MELBOURNE, Australia -- Tommy Haas has made it to the Australian Open semifinals, coming back in one match after another. That might not be so easy against his next opponent, Marat Safin.
Haas beat former No. 1 Marcelo Rios 7-6 (2), 6-4, 6-7 (2), 7-6 (5) in a quarterfinal Wednesday night. He saved break points in five early games and rallied from one service break down in two sets.
In two previous rounds, Haas rebounded from 2-1 deficits in sets to beat Todd Martin and 11th-seeded Roger Federer.
On Friday, the seventh-seeded German faces ninth-seeded Safin, the 2000 U.S. Open champion.
Safin, who squelched a comeback bid by Pete Sampras in the fourth round, needed only 28 minutes to advance to the semifinals when Wayne Ferreira quit with an abdominal strain. Safin was leading 5-2.
In the other semifinal, No. 16 Thomas Johansson plays No. 26 Jiri Novak on Thursday night. Both are in their first Grand Slam semifinals, after 23 attempts by Novak and 25 by Johansson.
In Thursday's women's semifinals, defending champion Jennifer Capriati plays fourth-seeded Kim Clijsters, the French Open runner-up, and four-time Australian Open champion Monica Seles meets three-time champion Martina Hingis.
Haas said he will have to serve well again and make Safin play a lot of balls.
"He's a very powerful player, a young kid who is very hungry to play, already won a Grand Slam, he's been No. 1 in the world," Haas said. "He played a great match against Pete and it's going to be tough."
Sampras was trying for his 14th Grand Slam tournament title.
Haas also reached the Australian Open semifinals in 1999, and lost to another Russian, Yevgeny Kafelnikov. In other Grand Slam events, he has yet to pass the fourth round.
Rios might have been the semifinalist, Haas said, if he had done better on his break point chances in the first two sets.
"I seemed to save them pretty well with my serves," he added.
"I was also quite frustrated when he actually broke me, so I seemed to play a really good game right after that to get the break back, which gave me confidence."
Rios was serving for the first set at 5-4 when Haas broke him for the first time.

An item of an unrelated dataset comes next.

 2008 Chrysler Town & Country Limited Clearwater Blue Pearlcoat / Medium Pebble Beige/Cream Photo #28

"If I win that first set, it's a totally different match," Rios said. "And I was a break up in the fourth, and I couldn't keep winning my serve. He just played better in the important moments."
Haas gained key points against Rios' serve in the first-set tiebreaker on a double fault by the Chilean and a backhand winner, going ahead 5-2. Another backhand winner gave him the only service break of the second set.

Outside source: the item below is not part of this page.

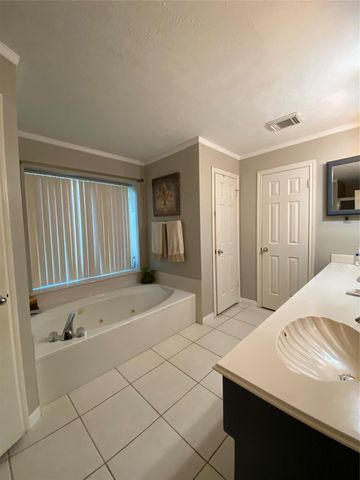 19047 Cloyanna Lane, Humble, TX 77346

In the final tiebreaker, a wide, low backhand gave him a 5-1 lead, and his 22nd ace, at 127 mph, made it 6-2. Three points later, Rios netted a backhand to end the 3-hour, 17-minute match.
Rios, who was No. 1 in 1998, the same year he was Australian Open runner-up, hit some dazzling winners and some surprising misses.
"I didn't play that bad, but I didn't play consistent," he said.
Rios has been troubled by injuries, and underwent surgery on his left ankle last June, the same month daughter Constanza was born.
The baby and Rios' wife, Juliana, were in the stands at the start of the match but left when Constanza began crying. Haas said he heard the baby during a long rally, "and then she was quite nice to leave, so it was OK."
Safin said that against Haas, "you just stay and fight and run, and take your chances."
The 21-year-old Russian had back problems early last year and then "I couldn't find my game at all."
"It's depressing, it's difficult, and you have to spend a lot of hours just practicing, practicing. It doesn't come, it doesn't come," he said.
But, he added, "it seems like it's coming right now. I never gave up."